Longer distances bring particular challenges, with special engineering difficulties such as bridges, crossing railway lines, or heavily trafficked areas, all of which bring risk and additional cost. While contractors can assist with early route planning and pricing, this can often be at the expense of a loss of competition. Specialist and independent route planners can provide a tested route and a bill of quantities, which can then be used in a competitive bidding process for the selection of an independent connection provider.

Independent connection providers and DNOs

Deregulation within the electrical utilities market introduced competition by allowing companies to develop and operate small, local electricity networks and encouraging them to compete to connect new customers to these distribution networks.

A further benefit of this deregulated electricity market is “competition in connections” which allows developers to competitively procure new power infrastructure in alignment with any other construction work package, taking advantage of a proven supply chain, generally referred to as independent connection providers (ICPs). ICPs are accredited by the National Electricity Registration Scheme (NERS) and can carry out work on behalf of clients on the electricity network.

Engaging with the ICP market to undertake contestable works (work that approved contractors can carry out independently of the DNO) for scopes of work attributed to a new connection offer could generate construction efficiencies and reduce local disruption. It could also give a commercial benefit to the client if carried out in a structured manner under a competitive tender process.

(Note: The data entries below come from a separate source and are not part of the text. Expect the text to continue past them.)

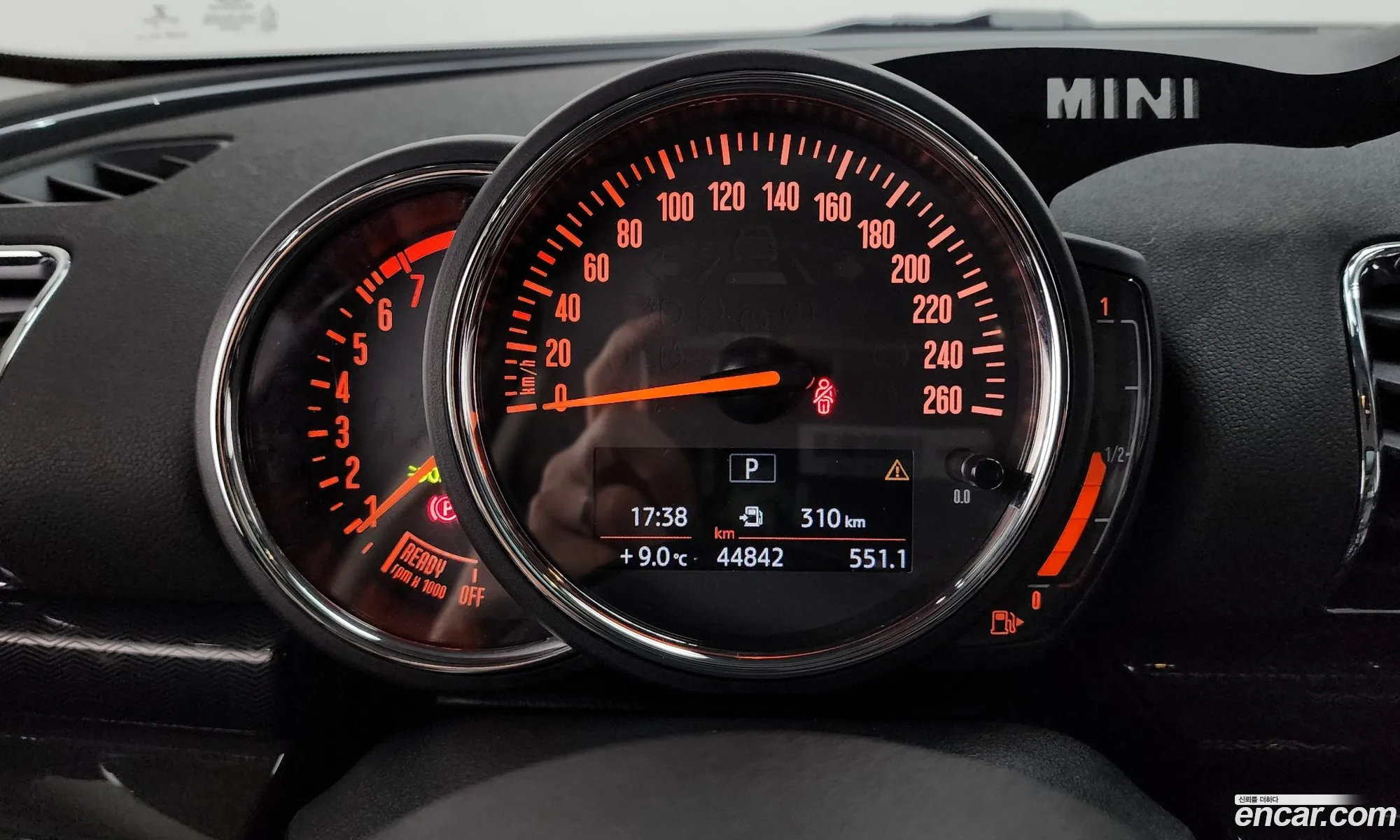 Mini Cooper Clubman 2019 — 2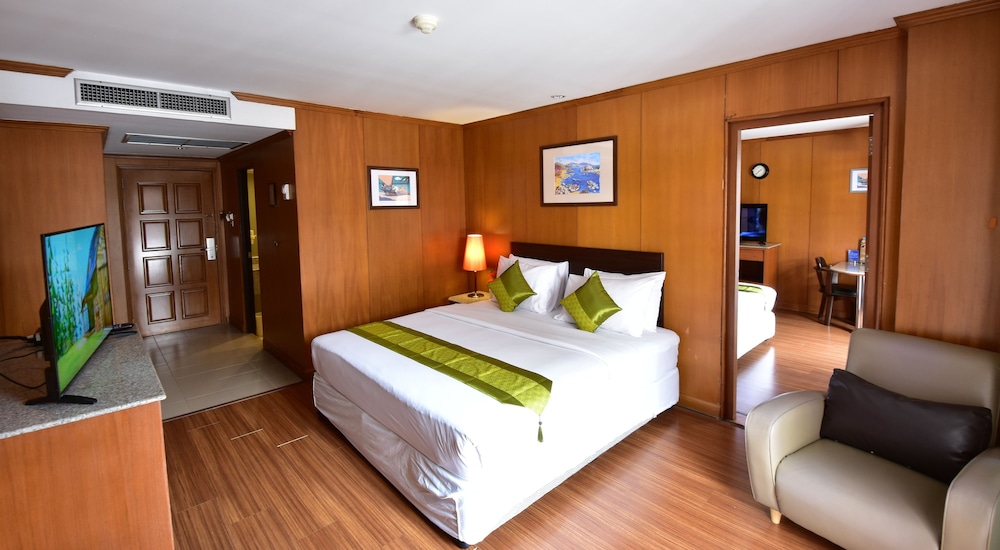Dynasty Inn Pattaya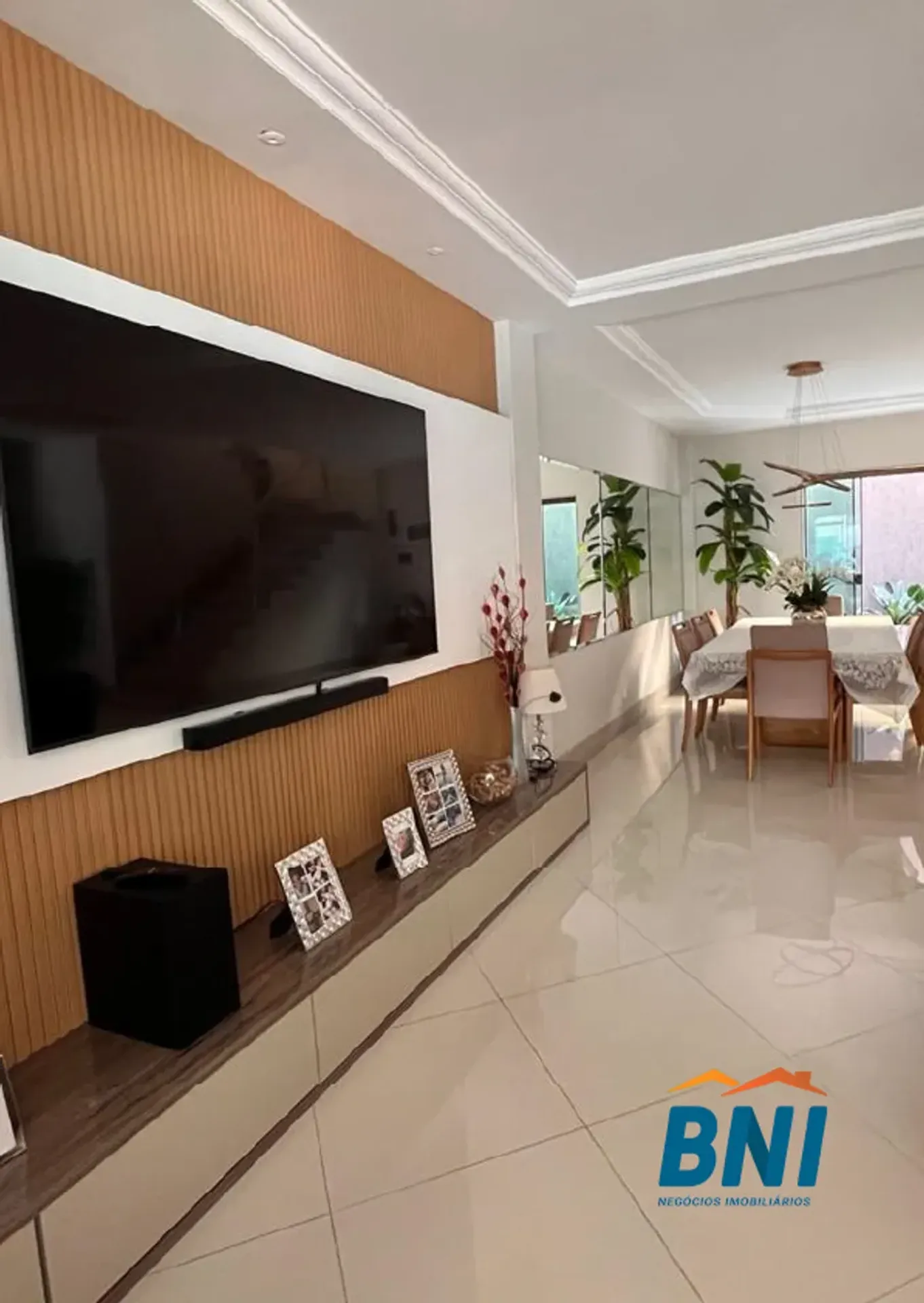 Garden in a 4-bedroom house, 320 m² — photo 9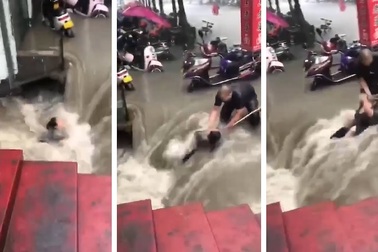 "Thót tim" cảnh giải cứu cô gái Trung Quốc chới với vì bị nước lũ cuốn trôi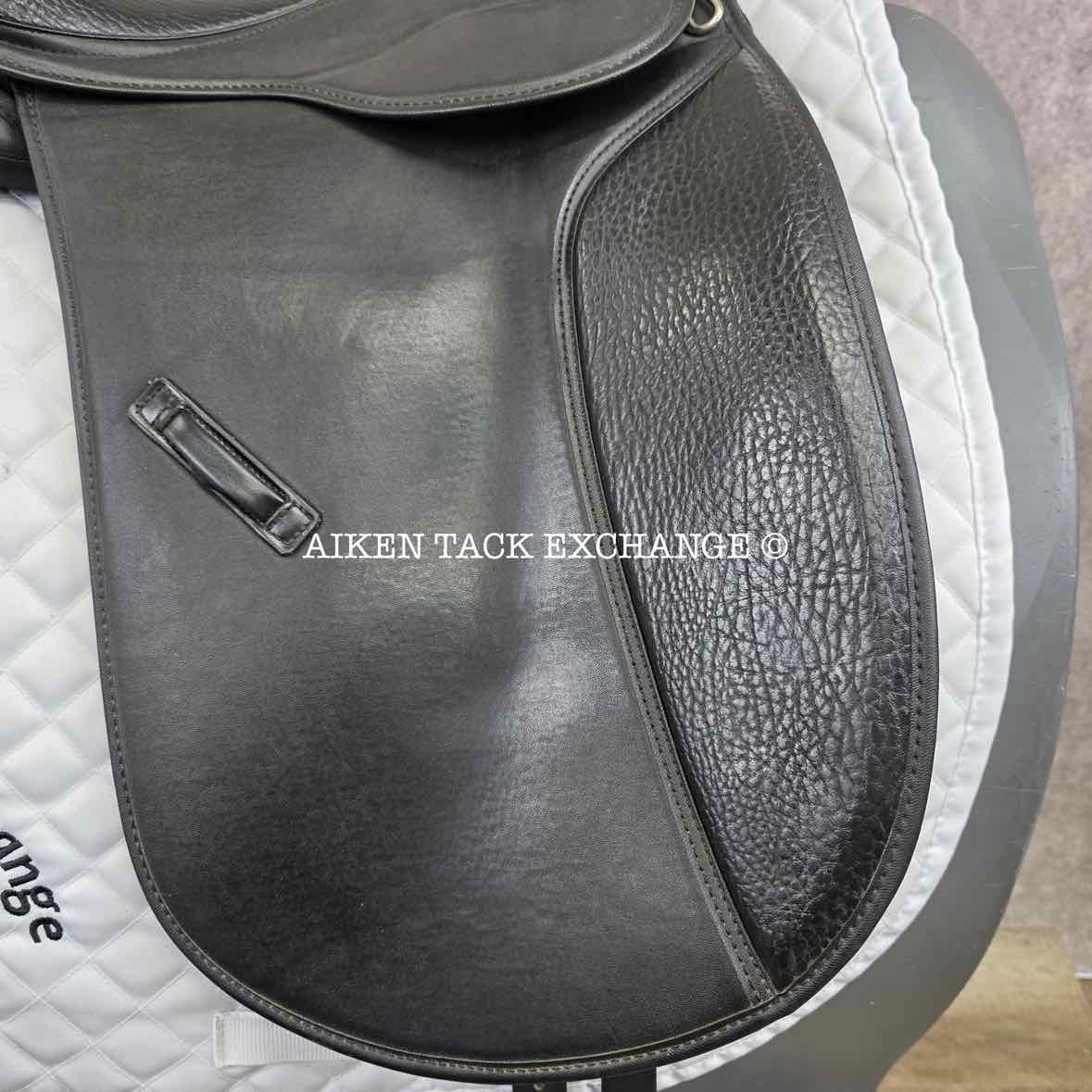 **SOLD** Dover Saddlery Pro-Ride Dressage Saddle, 17" Seat, Medium Tree, Wool Flocked Panels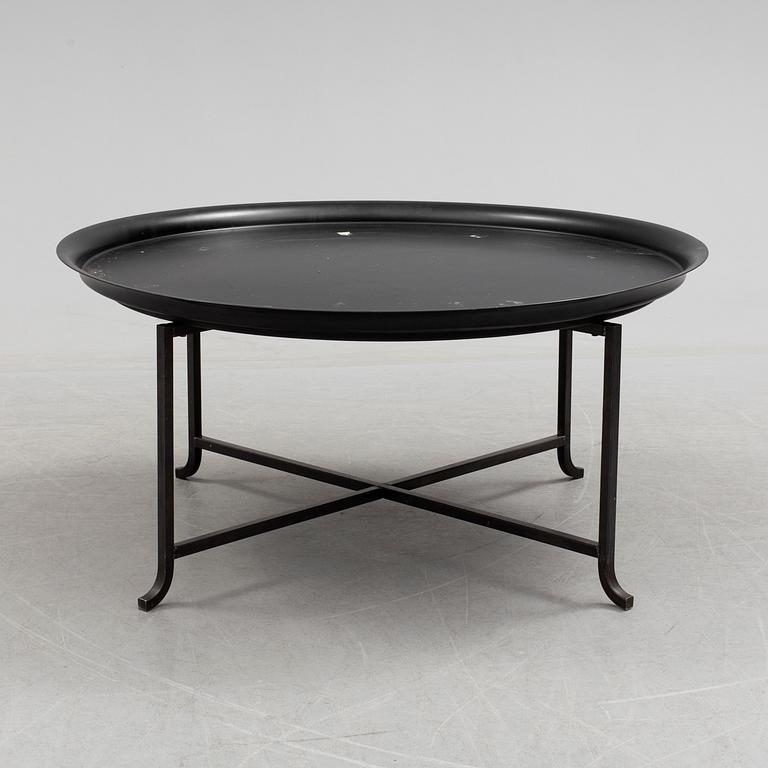 A "Jeanette" coffee table designed in 1993 by Per Öberg.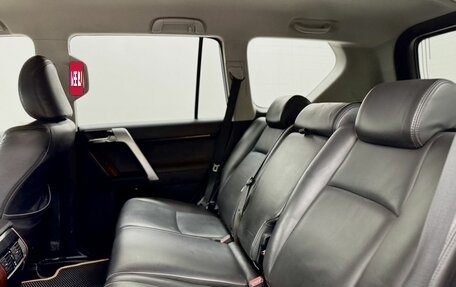 Toyota Land Cruiser Prado 150 рестайлинг 2, 2015 год, 3 897 000 рублей, 13 фотография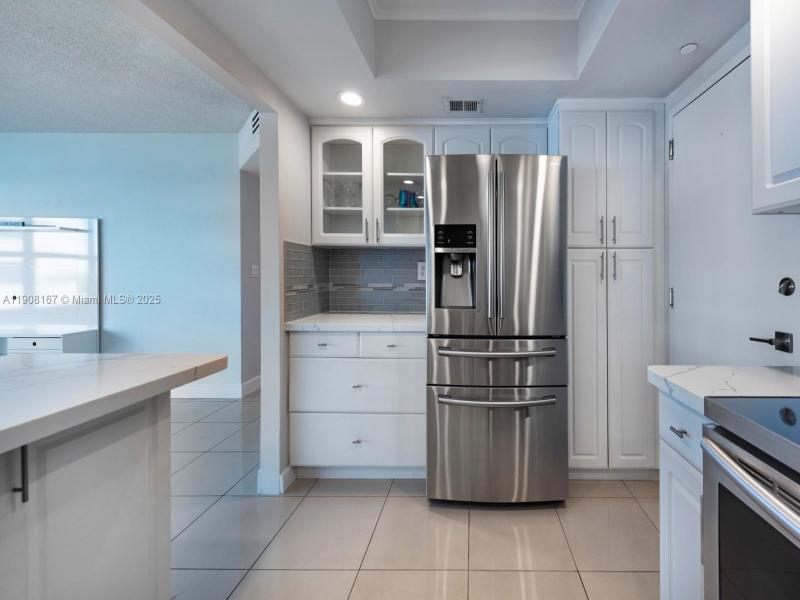 Condo for sale at Ocean Summit 815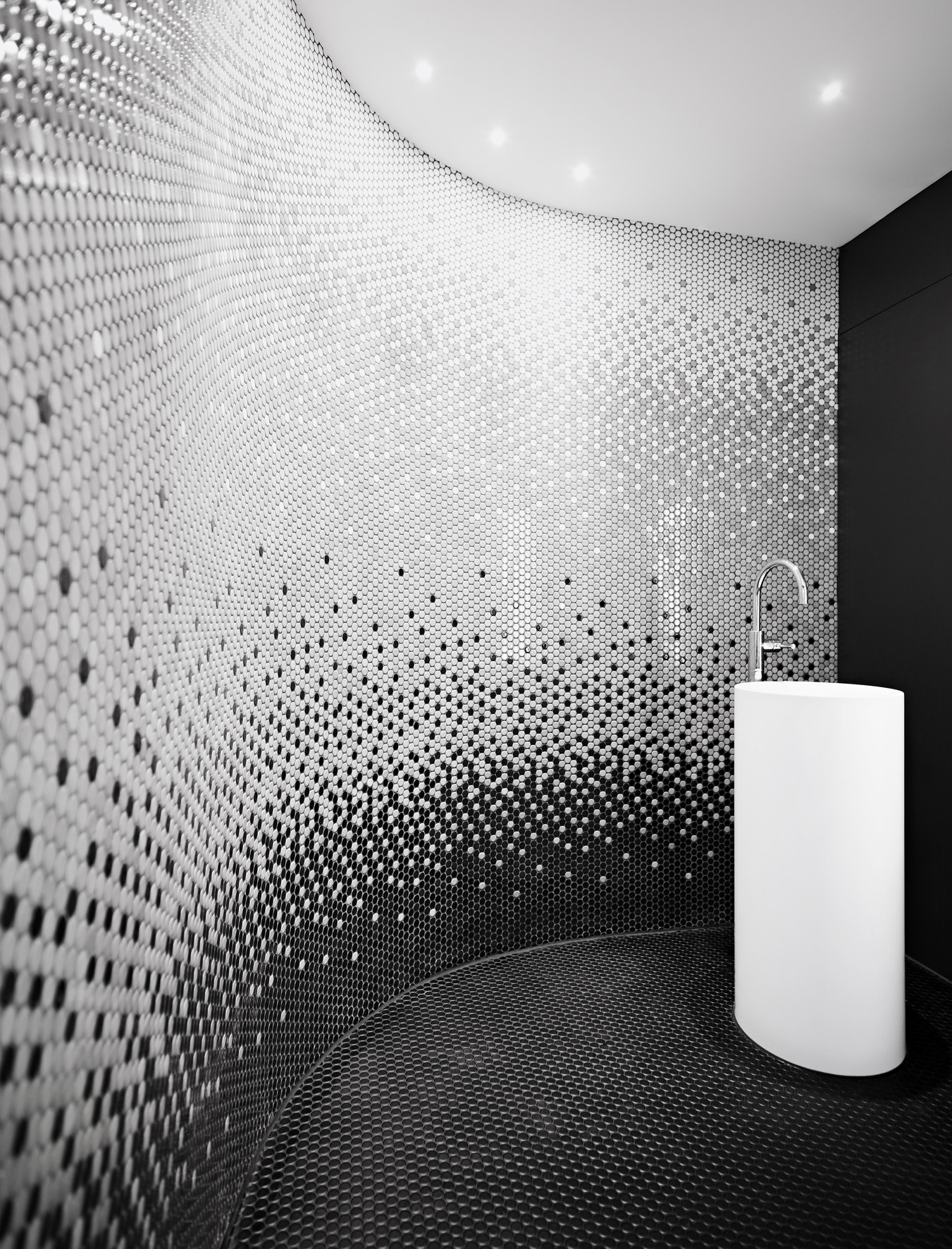 Ceramic Tiles - Loop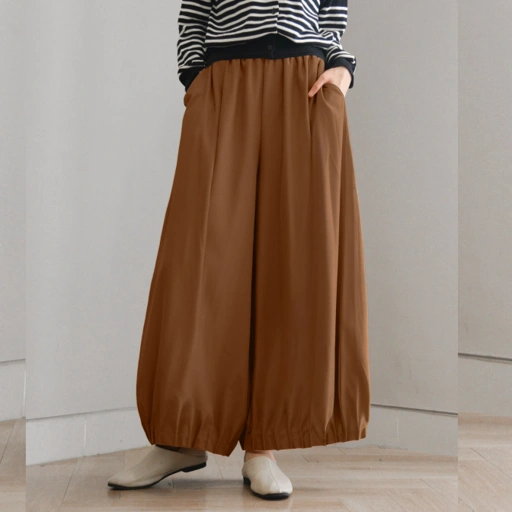 Image of Wavy Pants Clay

05 / Solutions and best practice

For large connections, developers will be aware that connectivity issues are a key priority when identifying potential development sites. The capacity crunch in the distribution network can have a serious impact on a development awaiting a grid connection in a location with low excess capacity.

Some key solutions and best practice to secure a timely connection to the network are:

• Seeking advice from experienced professionals within the sector.
• Understanding and making astute use of the deregulated utilities framework that has been developing over the past 25 years.
• Obtaining a utilities connection offer as an early action for the project. This offer will give the development team some assurance of the availability and timescales to serve a development with power.
• Clients and their consultants carefully interrogating the offer and understanding any limitations or special conditions that could impact delivery times as soon as possible (such as a modification application for changes upstream of the DNO).
• Developers evaluating the respective benefits of choosing to have the DNO provide a full turn-key solution or opting for independent connection providers to deliver the “contestable” works, which can often provide a good-value alternative in the delivery of these works.
• Built assets potentially being adopted by the incumbent DNO or an independent DNO, which may offer an asset value in return for adoption. Accredited NERS ICPs to carry out these works can be found on the Lloyds Register website, while DNOs and accredited IDNOs are listed on the Ofgem website.

The issues around power connection are fully recognised by energy companies, Ofgem and the government, which are all taking steps to tackle the challenges facing developers. Until these reforms and upgrades take place, however, developers need to understand how to achieve success on their projects by engaging with a knowledgeable team early in the development programme, to understand the impact of the situation and any mitigations.